| To do |
Pictures appear in the records below; write out everything else exactly.

| Material provided |
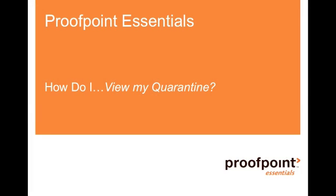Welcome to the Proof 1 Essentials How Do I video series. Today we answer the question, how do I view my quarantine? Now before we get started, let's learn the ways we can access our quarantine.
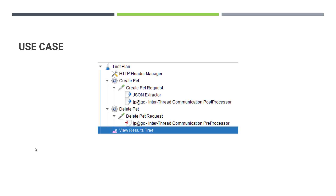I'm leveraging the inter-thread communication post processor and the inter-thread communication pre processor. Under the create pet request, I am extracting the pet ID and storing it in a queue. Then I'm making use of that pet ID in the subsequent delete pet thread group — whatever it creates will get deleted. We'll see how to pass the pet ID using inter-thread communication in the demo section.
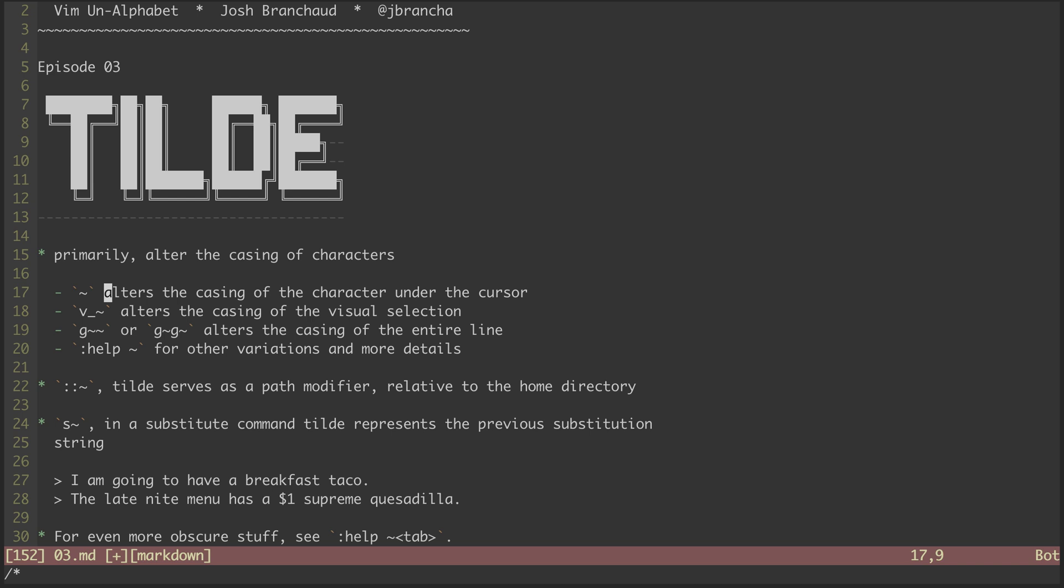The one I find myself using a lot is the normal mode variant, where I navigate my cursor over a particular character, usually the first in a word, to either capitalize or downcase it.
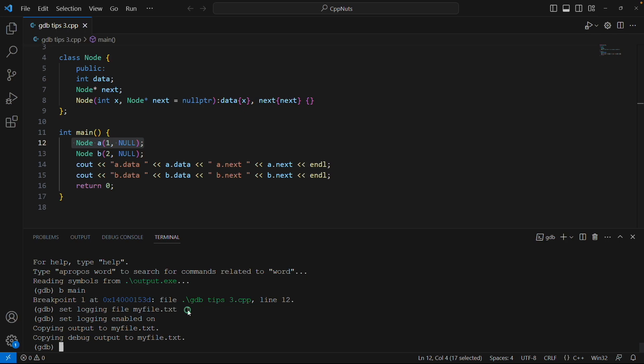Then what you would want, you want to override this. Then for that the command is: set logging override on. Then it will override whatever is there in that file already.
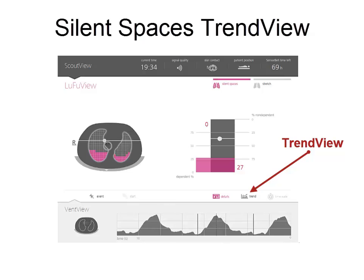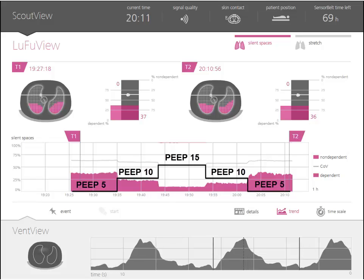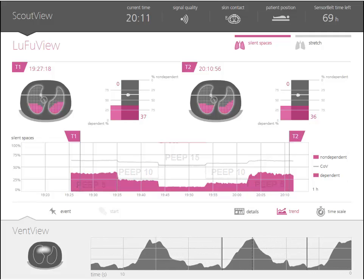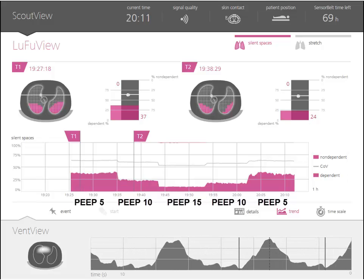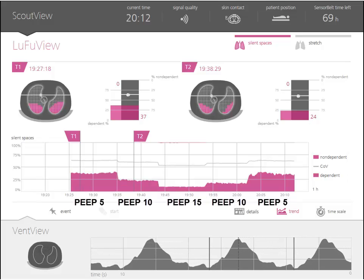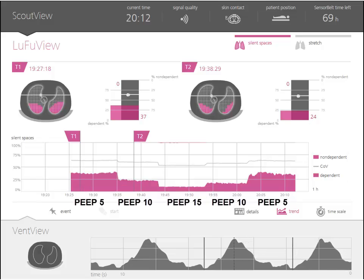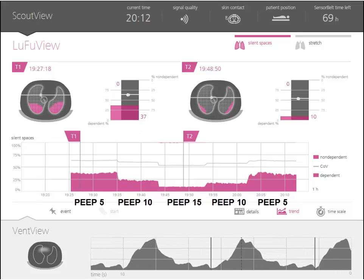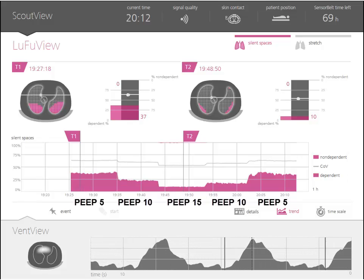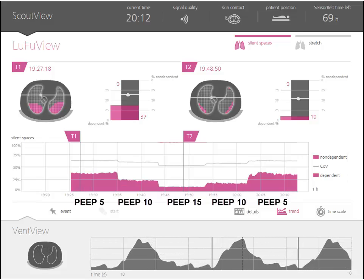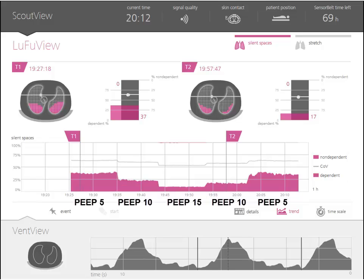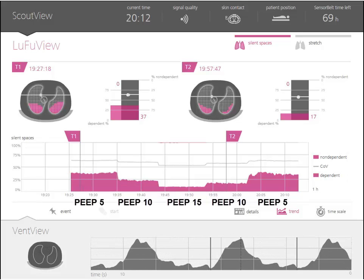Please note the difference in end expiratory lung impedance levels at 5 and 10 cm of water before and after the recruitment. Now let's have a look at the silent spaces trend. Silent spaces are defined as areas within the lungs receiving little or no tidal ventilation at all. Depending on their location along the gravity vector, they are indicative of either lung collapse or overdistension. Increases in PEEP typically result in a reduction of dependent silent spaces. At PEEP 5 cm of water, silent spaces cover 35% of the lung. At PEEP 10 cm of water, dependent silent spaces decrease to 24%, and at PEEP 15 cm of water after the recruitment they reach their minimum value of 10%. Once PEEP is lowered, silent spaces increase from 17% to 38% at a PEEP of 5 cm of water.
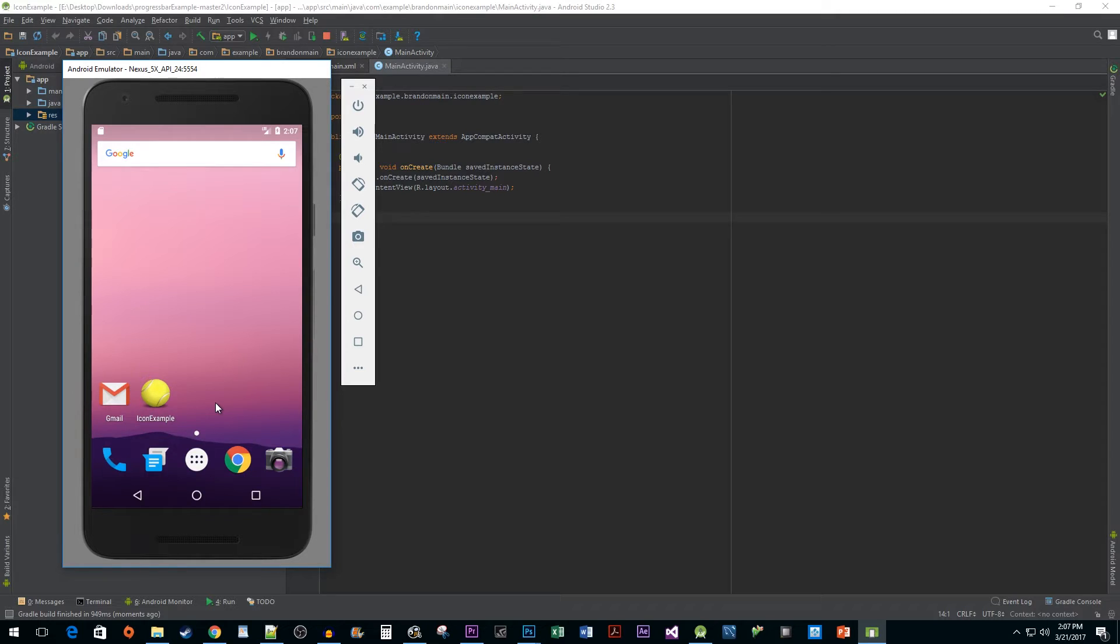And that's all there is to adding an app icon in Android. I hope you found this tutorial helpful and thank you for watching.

| Result of the task |
Welcome to the Proof 1 Essentials How Do I video series. Today we answer the question, how do I view my quarantine? Now before we get started, let's learn the ways we can access our quarantine.
I'm leveraging the inter-thread communication post processor and the inter-thread communication pre processor. Under the create pet request, I am extracting the pet ID and storing it in a queue. Then I'm making use of that pet ID in the subsequent delete pet thread group — whatever it creates will get deleted. We'll see how to pass the pet ID using inter-thread communication in the demo section.
The one I find myself using a lot is the normal mode variant, where I navigate my cursor over a particular character, usually the first in a word, to either capitalize or downcase it.
Then what you would want, you want to override this. Then for that the command is: set logging override on. Then it will override whatever is there in that file already.
Please note the difference in end expiratory lung impedance levels at 5 and 10 cm of water before and after the recruitment. Now let's have a look at the silent spaces trend. Silent spaces are defined as areas within the lungs receiving little or no tidal ventilation at all. Depending on their location along the gravity vector, they are indicative of either lung collapse or overdistension. Increases in PEEP typically result in a reduction of dependent silent spaces. At PEEP 5 cm of water, silent spaces cover 35% of the lung. At PEEP 10 cm of water, dependent silent spaces decrease to 24%, and at PEEP 15 cm of water after the recruitment they reach their minimum value of 10%. Once PEEP is lowered, silent spaces increase from 17% to 38% at a PEEP of 5 cm of water.
And that's all there is to adding an app icon in Android. I hope you found this tutorial helpful and thank you for watching.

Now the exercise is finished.